**** Information shown ****

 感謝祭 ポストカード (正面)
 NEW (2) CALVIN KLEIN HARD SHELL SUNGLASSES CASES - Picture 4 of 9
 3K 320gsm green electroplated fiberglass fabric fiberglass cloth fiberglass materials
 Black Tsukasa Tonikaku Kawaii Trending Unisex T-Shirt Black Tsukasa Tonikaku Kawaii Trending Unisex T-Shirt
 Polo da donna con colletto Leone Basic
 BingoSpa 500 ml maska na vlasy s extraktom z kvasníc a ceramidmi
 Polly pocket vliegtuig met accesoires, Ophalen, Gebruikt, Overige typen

****
**** Information shown ****

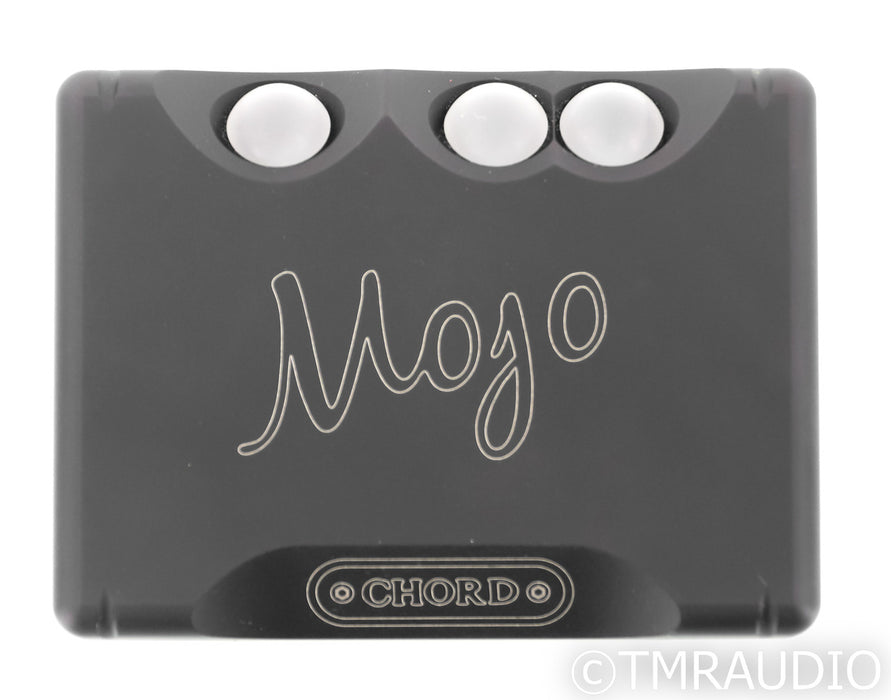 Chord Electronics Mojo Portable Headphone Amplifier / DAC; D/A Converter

****

* **What the exercise asks**
When the line with "3K 320gsm green" is reached in the data above, begin copying, and stop after the line with "Polly pocket vliegtuig"; copy each line exactly, both ends included.

* **Solution to this exercise**
 3K 320gsm green electroplated fiberglass fabric fiberglass cloth fiberglass materials
 Black Tsukasa Tonikaku Kawaii Trending Unisex T-Shirt Black Tsukasa Tonikaku Kawaii Trending Unisex T-Shirt
 Polo da donna con colletto Leone Basic
 BingoSpa 500 ml maska na vlasy s extraktom z kvasníc a ceramidmi
 Polly pocket vliegtuig met accesoires, Ophalen, Gebruikt, Overige typen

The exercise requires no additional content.